What is the recovery time from ADR surgery?
On average, artificial disc replacement recovery time is just 3-5 weeks, but it does vary from patient to patient. Most patients can return to light activities and desk work within one week, but some may not be at full activity levels for up to 3 months.
Because the vertebrae do not need to fuse together after ADR surgery, the recovery time is shorter than it is for spinal fusion.
How much does ADR cost?
Cost is an important consideration and it will come down to a variety of factors unique to your health insurance guidelines. Any spine surgery can be expensive, so it’s important to work with your insurer to understand how much they will be willing to cover, as well as the deductible and any other portion you will be responsible for. The surgery itself involves costs including:
Operating Room (OR) time
Additionally, you may have costs associated with:
Radiology studies (CT and MRI)
Pre-op physical, bloodwork
Recovery time in hospital
Time off work for recovery
How do you select the right surgeon?
This is the most important question of all! Finding the right surgeon for your artificial disc replacement is the most critical component to the success of your surgery. We recommend speaking to more than one surgeon before making a decision and suggest asking them the following questions. Remember, no reputable surgeon should feel threatened if you ask for a second opinion - that is your right as a patient and it is prudent, particularly when it comes to something as important as your spine.

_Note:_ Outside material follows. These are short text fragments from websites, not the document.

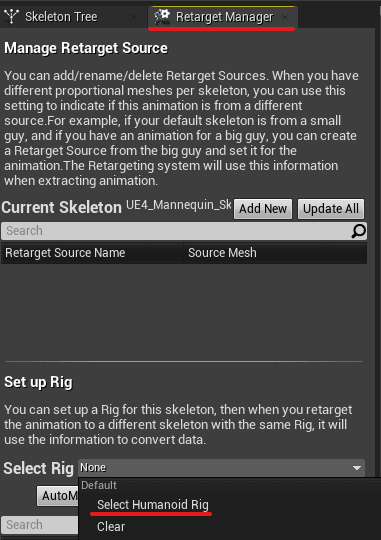 mannequin ue4 rig setup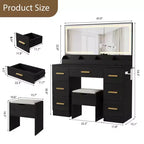 Coiffeuse avec grand miroir et lumières, 116,6 cm de large, 3 modes d'éclairage avec luminosité réglable, table de maquillage avec prise de courant et 8 tiroirs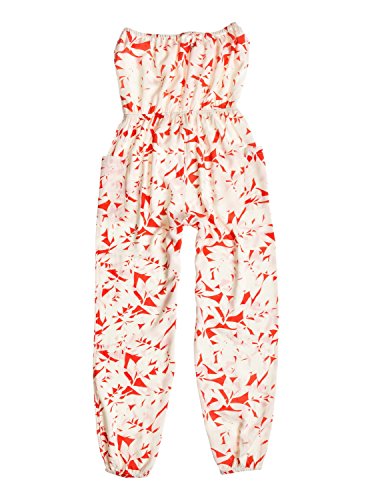 Roxy Junior's Funnel Of Love Printed Woven Romper, Fiery Orange Shelter Floral Pattern, Large #TOP2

The surgeon performing your artificial disc replacement should have extensive experience in this field. For reference, Dr. Lanman has been a spinal neurosurgeon for over 30 years, has 20 years of experience with artificial disc replacement, and has performed over 5,000 ADR surgeries. These numbers are important as you want to be sure your surgeon has the skills and experience to give you the lasting relief and results you are looking for. Take note of how much the surgeon wants to know about you, your goals, and your lifestyle. It’s important to consider the patient comprehensively and take into consideration their full health picture from nutrition to exercise to lifestyle habits like sleep and stress reduction. We call this 4D Health - and it’s central to our approach.
Here are a few questions to ask the surgeons you interview:
Are you an orthopedic surgeon or neurosurgeon?
Are you a dedicated Spine Surgeon?
Are you certified by the American Board of Neurological Surgery or the American Board of Orthopedic Surgery?
Do you specialize in Artificial Disc Replacement?
Do you perform both cervical and lumbar ADR and cervical and lumbar Spinal Fusion?
How many disc replacements have you performed? (50 or more ADRs is optimal)
What is your complication rate, and how does that compare to published reports?
What type of anesthesia will be administered (patients who cannot tolerate general anesthesia may not be good candidates for ADR)
What pain control will be administered after the surgery? If opioids, when can they be substituted for non-opioid pain medication?
What will my recovery be like? What is the difference in recovery between ADR and Spinal Fusion?